* **Action item**:
Your answer must be only the lines below from the one containing "Lyon: Tour and Wine" through the one containing "Consul General unveils", copied exactly, with the pictures left out.

* **Extracted information**:
+---+
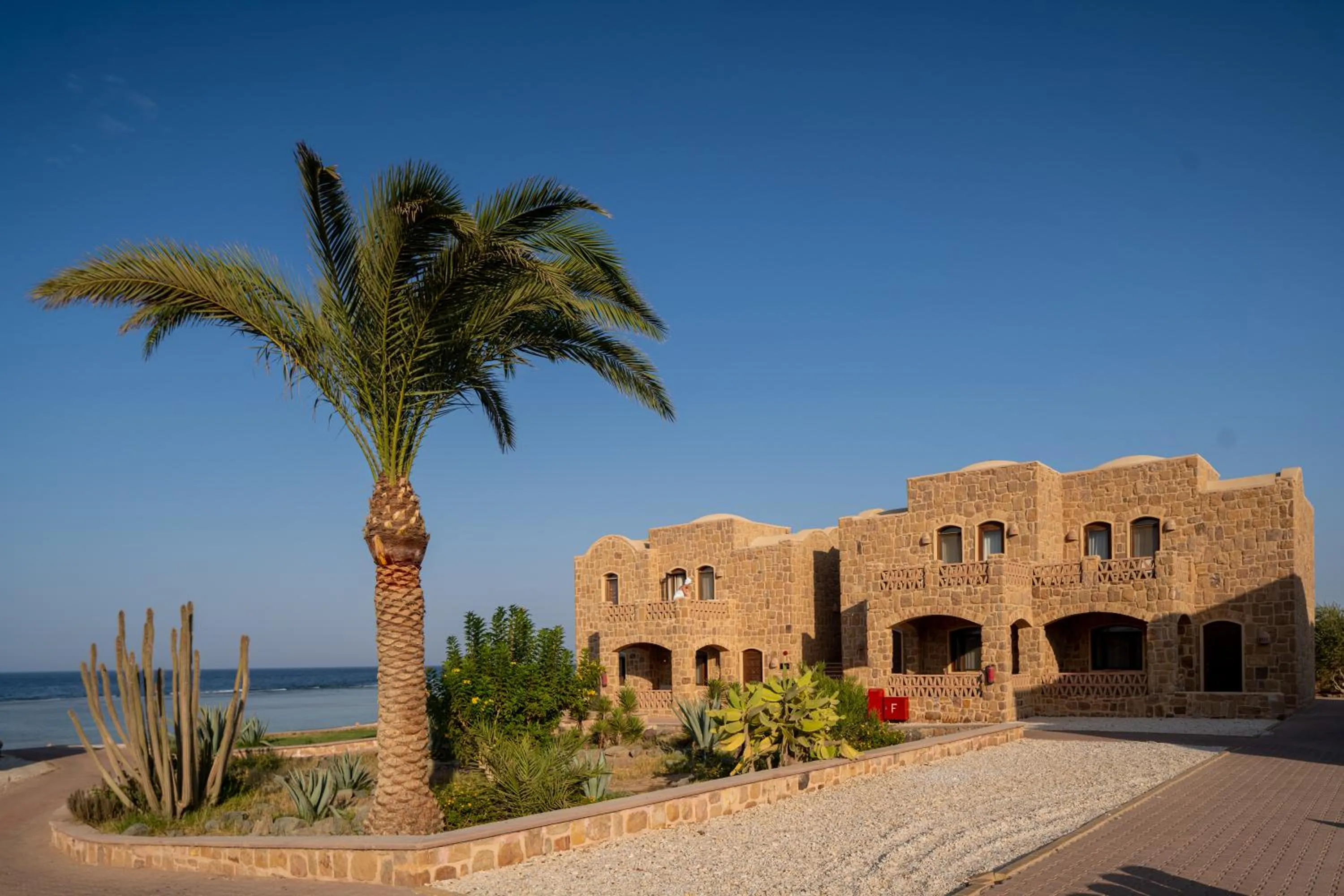 View (from property/room) in Movenpick Resort El Quseir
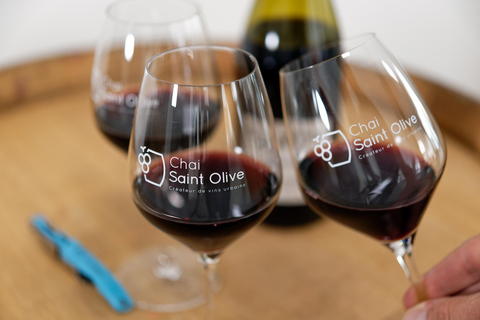 Lyon: Tour and Wine Tasting at Chai Saint Olive Lyon: Tour and Food Tasting at Chai Saint Olive
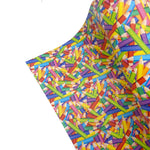 Colouring Pencils Premium Faux Leather Fabric Sheets - Eliza Henri
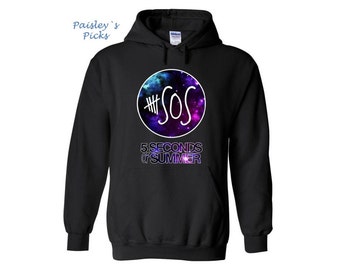 5 seconds of summer galaxy hoodie.5sos hoodie.5 sos hoodie.5 seconds of ...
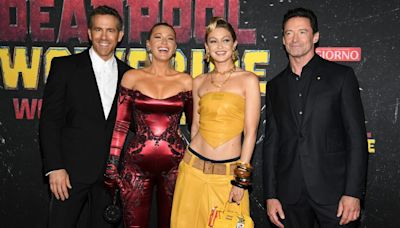 Blake Lively and Gigi Hadid Embrace High-fashion Cosplay at ‘Deadpool & Wolverine’ Premiere in Atelier Versace and Miu Miu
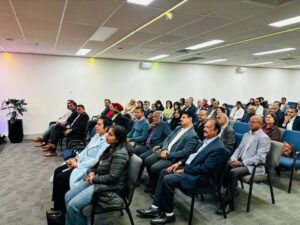 Consul General unveils yoga programme as NSW and SA prepare for IDY 2026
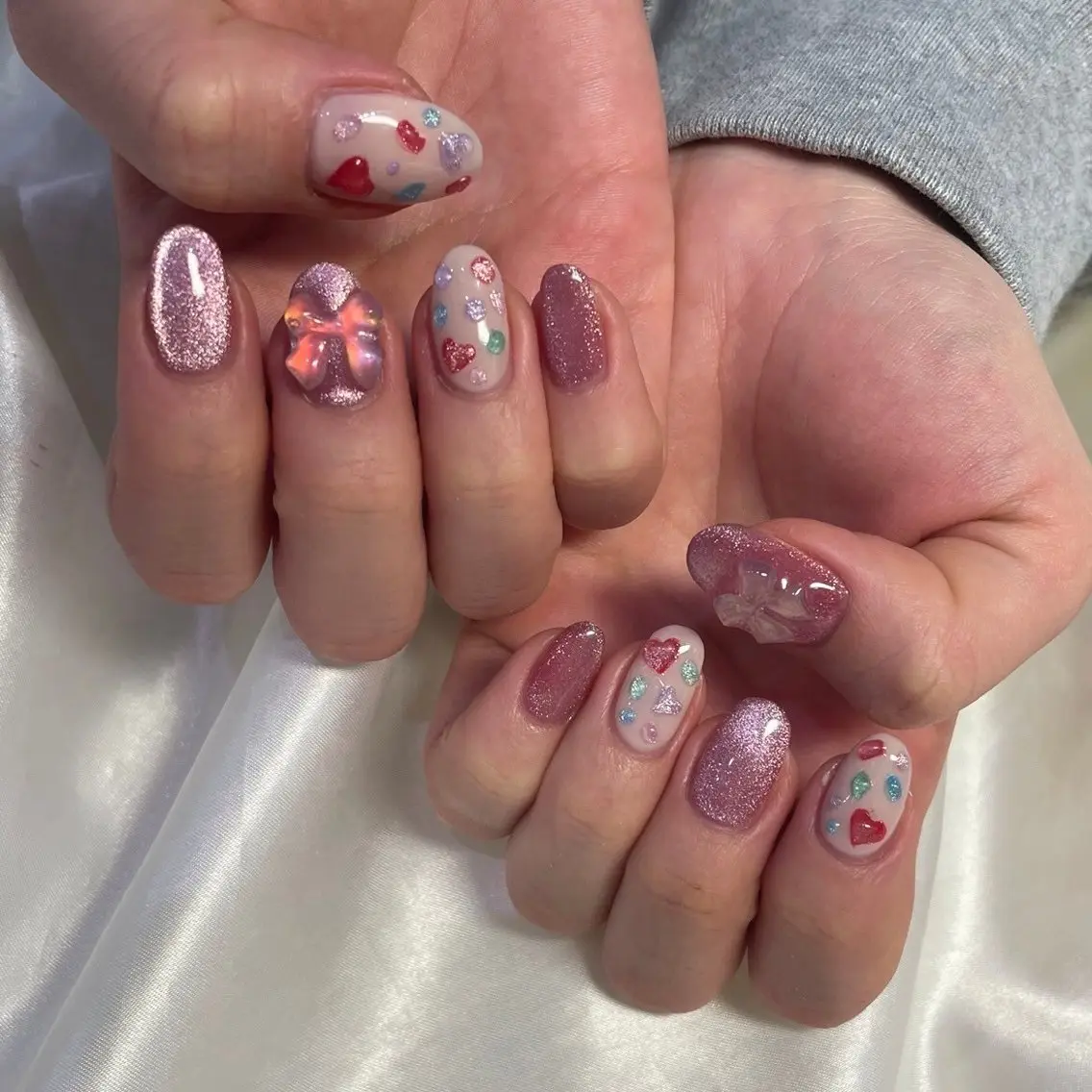 ネイル ハンドネイル Ashliy大宮♡ アシュリーのネイルデザイン
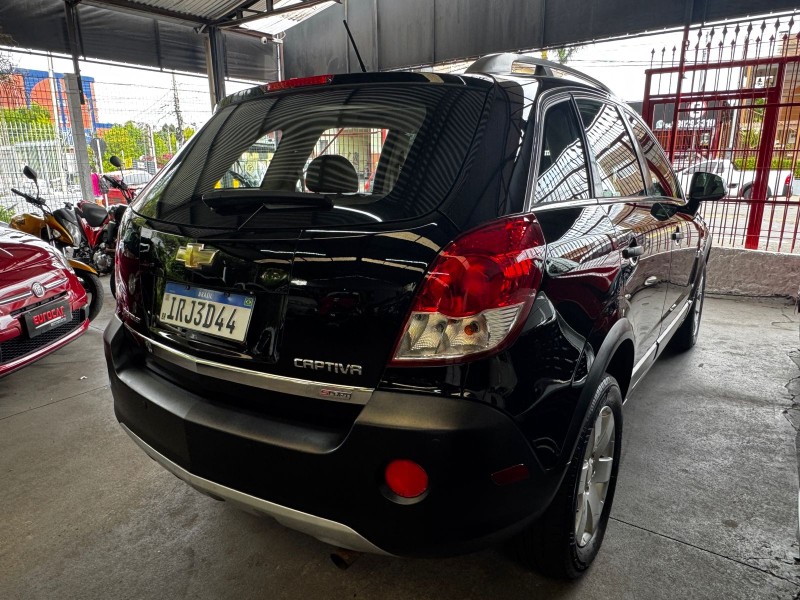 CAPTIVA 2.4 FWD SPORT 16V GASOLINA 4P AUTOMÁTICO - 2010 - CAXIAS DO SUL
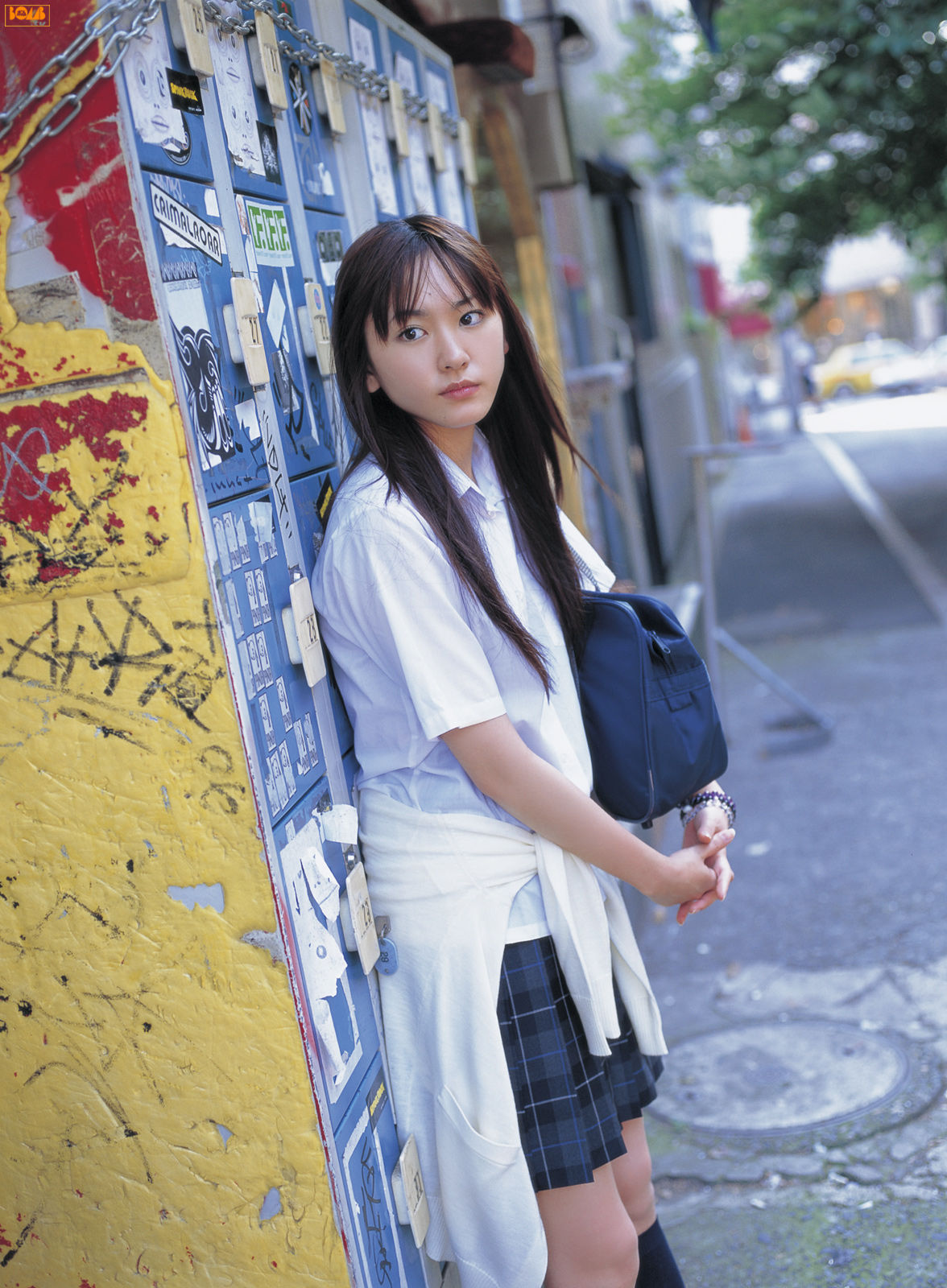 新垣结衣-[Bomb.tv]高清写真图套图写真图集2006-07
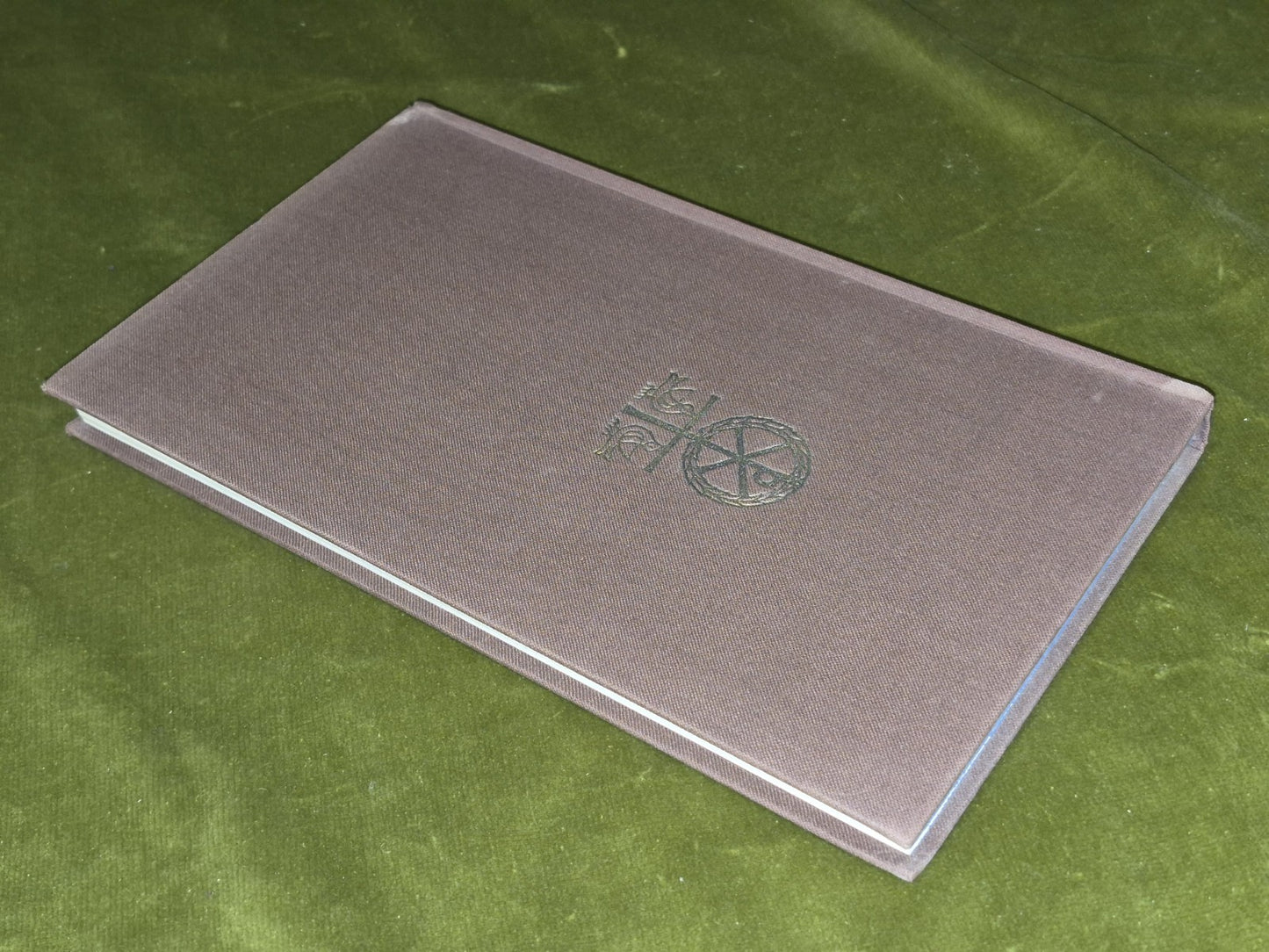 The Last of the Fathers, Thomas Merton, 1954 Hollis & Carter, 1st Edition6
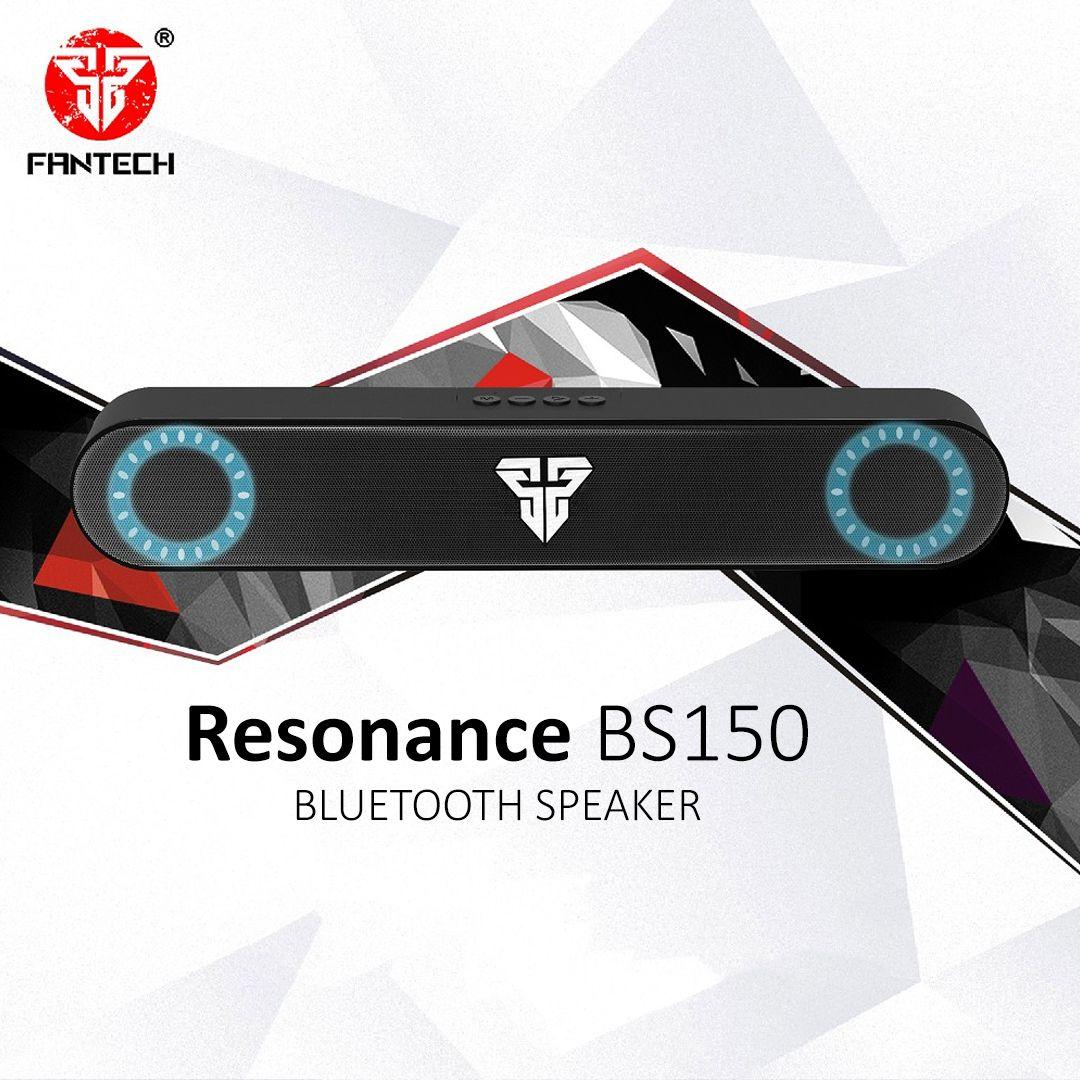 سماعة جيمنج Fantech Resonance BS150 بلوتوث مع اضاءة LED رائعة  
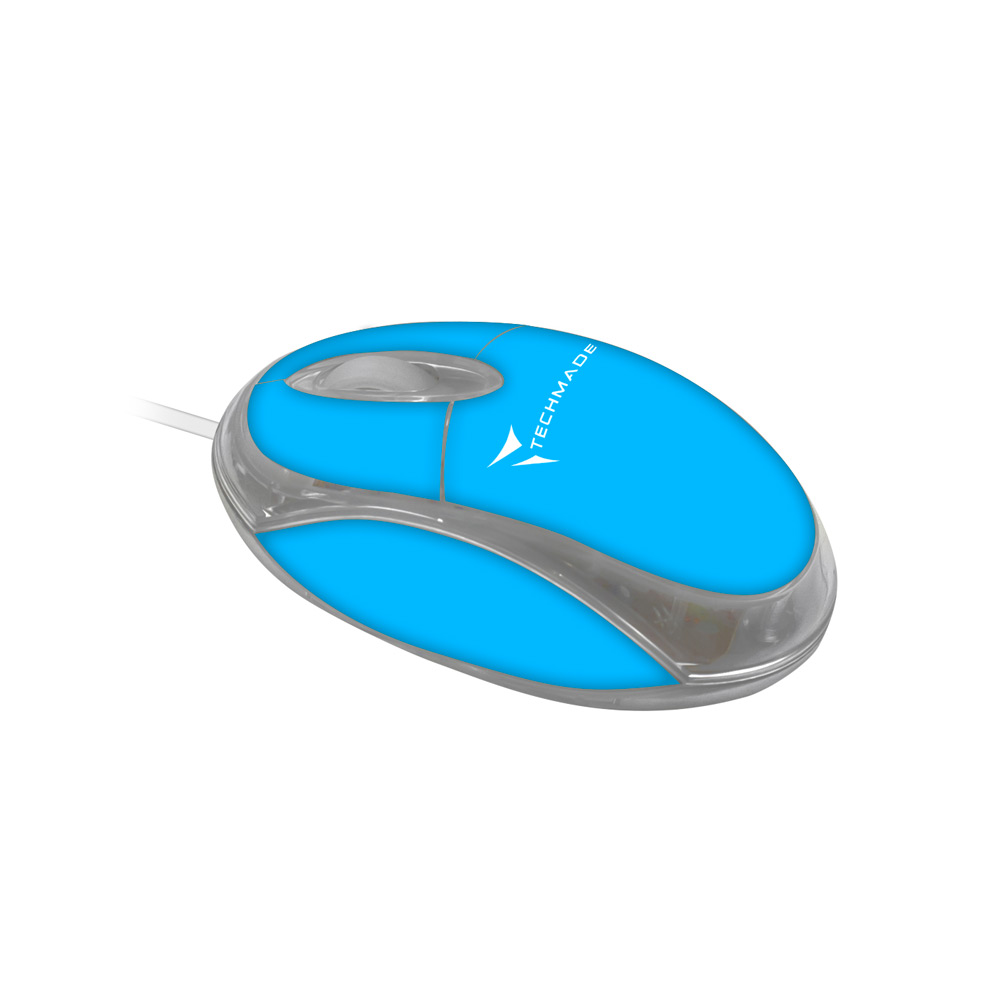 MOUSE TM-2023-BL BLU USB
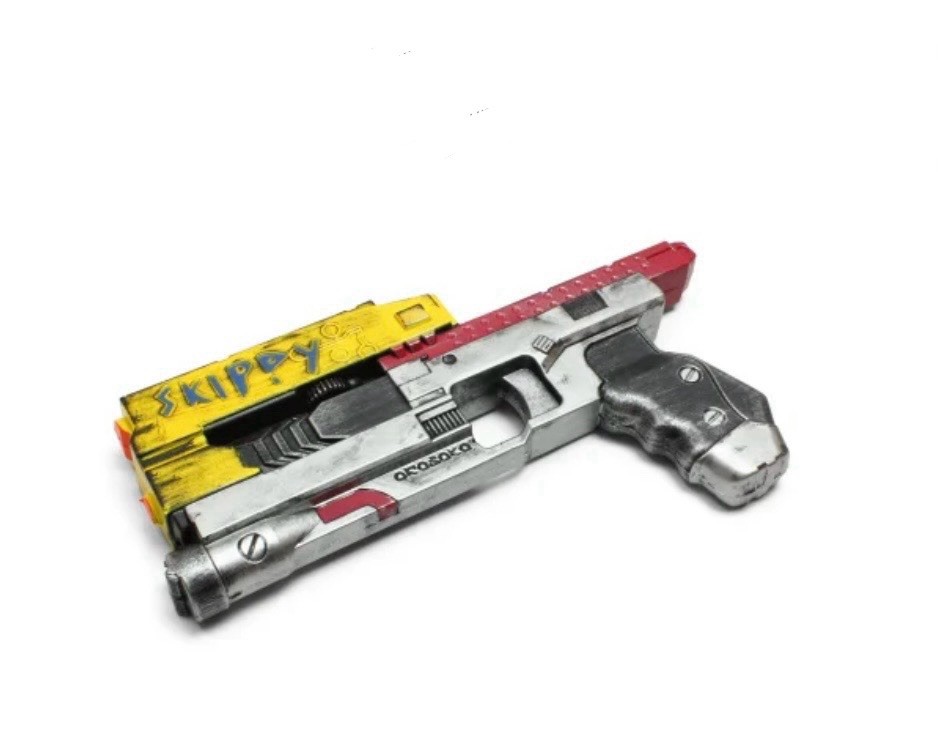 Skippy Smart Pistol Cyberpunk 2077 Replica Foam Video Games Props TV show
+---+
* **Task output**:
 Lyon: Tour and Wine Tasting at Chai Saint Olive Lyon: Tour and Food Tasting at Chai Saint Olive
 Colouring Pencils Premium Faux Leather Fabric Sheets - Eliza Henri
 5 seconds of summer galaxy hoodie.5sos hoodie.5 sos hoodie.5 seconds of ...
 Blake Lively and Gigi Hadid Embrace High-fashion Cosplay at ‘Deadpool & Wolverine’ Premiere in Atelier Versace and Miu Miu
 Consul General unveils yoga programme as NSW and SA prepare for IDY 2026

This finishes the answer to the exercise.